こんにちは!Freewillトータルエデュケーションの井口です!


今回はレフ・セミョノヴィチ・ヴィゴツキー『「発達の最近接領域」の理論』をとりあげます。『やさしい教育心理学』(有斐閣アルマ、2012年)の参考文献からとりあげました。


【概要】

 

レフ・セミョノヴィチ・ヴィゴツキーは20世紀前半のソ連の心理学者であり、

37歳の若さでこの世を去ったものの、革新的な理論とたいへんな多作のため、

心理学のモーツァルト」と言われていたようです。

一口に心理学といっても、ヴィゴツキーは芸術心理学、俳優心理学、教育心理学などかなり多面にわたって執筆をしていて、かつそれぞれの内容に密接な関連があり、それらが合わさって一つの思想体系を作っているような、天才心理学者だそうです。


本書はそんなヴィゴツキーの代表的な論文を死後に再編集した書籍です。


全体で一つのテーマを書き下ろしている本ではなく、

様々なテーマについての論文が収録されているため、

以下の【概要】では特に重要と思われる論点3つに絞って整理をしていきます。

そもそも前述したようにヴィゴツキーの思想体系自体が壮大なので、

ひとまず理解できたかもしれない部分に絞っていきます・・笑




レフ・セミョノヴィチ・ヴィゴツキー(1896年11月17日 - 1934年6月11日)


論点(1) 発達の最近接領域(ZPD)

 

突然ですが、生徒の学力水準をどのように測ればよいでしょうか?


普通に考えれば「テストを行い、点数を見る」ということになるでしょう。

しかしヴィゴツキーはこの考えに反対します。


ヴィゴツキーによれば


今日の発達水準:生徒が自分一人で出せる成果(これはテストの点数でわかりますね)

明日の発達水準:生徒が大人の助けのもとで出せる成果(言い換えれば、明日には自分一人でできるようになっているかもしれない成果)


の2つを区別するべきだ、といいます。


例えば、テストで同じ点数をとったAくんとBくんがいます。

Aくんは先生の助けを借りれば点数が20点アップし、

Bくんは先生の助けを借りても点数が5点しかアップしませんでした。


この時、上記①のみで見ると二人の学力水準は区別できませんが、

②の視点で見ると区別できます。


つまり、①と②を区別し、①と②のギャップがどれだけ大きいか(つまり教えたらどこまでできるようになるのか)を意識することが大事なのです。
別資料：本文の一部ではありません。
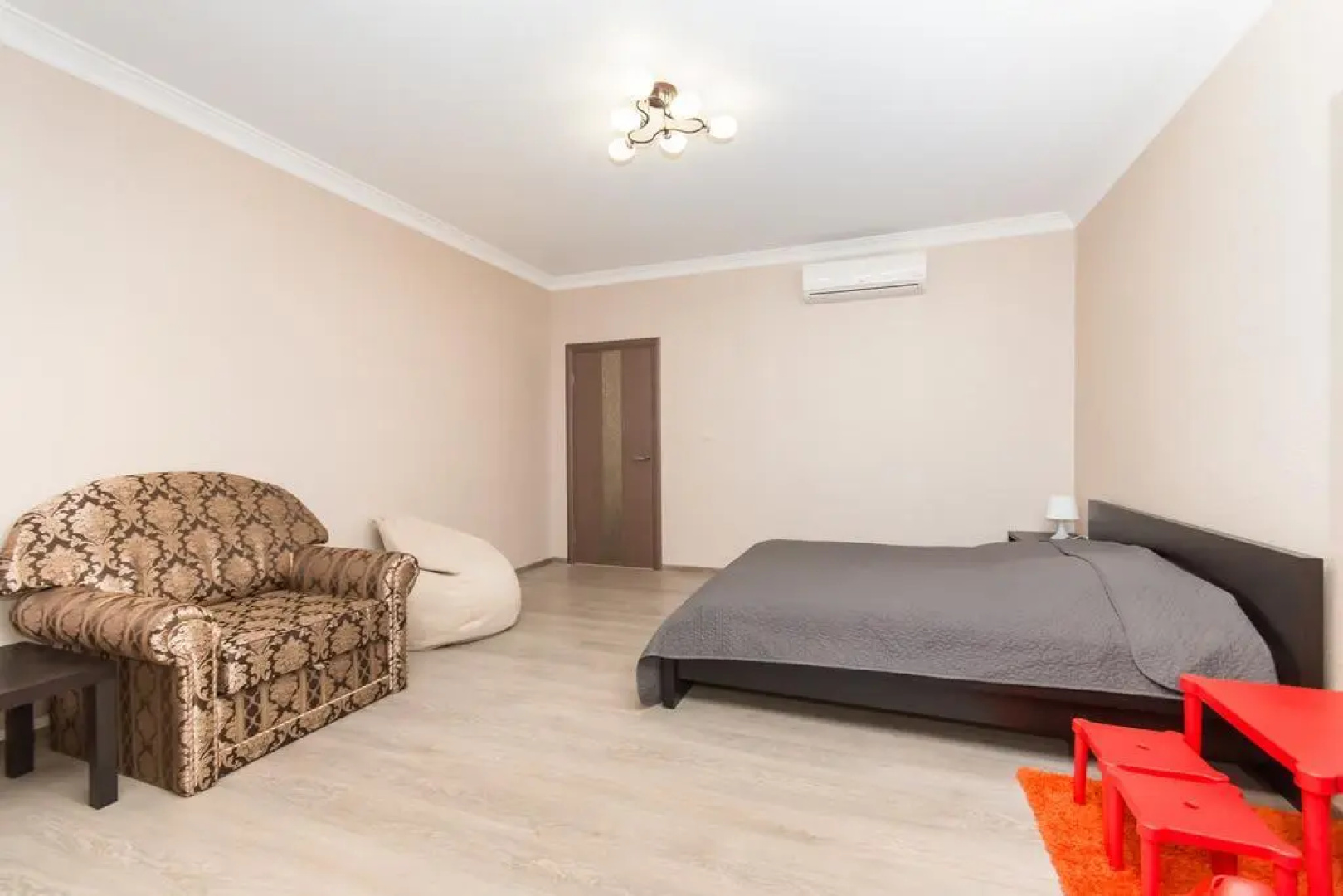 Меблированные комнаты Residhome Kazan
このように、教授行為によって伸ばすことができる生徒の伸び代のことを

「発達の最近接領域(the Zone of Proximal Development: ZPD)」といいます。


ヴィゴツキーによれば、生徒の学力水準(学力に限定せずにいえば、発達水準)を測るためには、単なるIQテストなどではなく、ZPDの考え方を用いるべきだ、と言います。



ZPDの図解

(参照元:https://www.cscd.osaka-u.ac.jp/user/rosaldo/090113ZPD.html)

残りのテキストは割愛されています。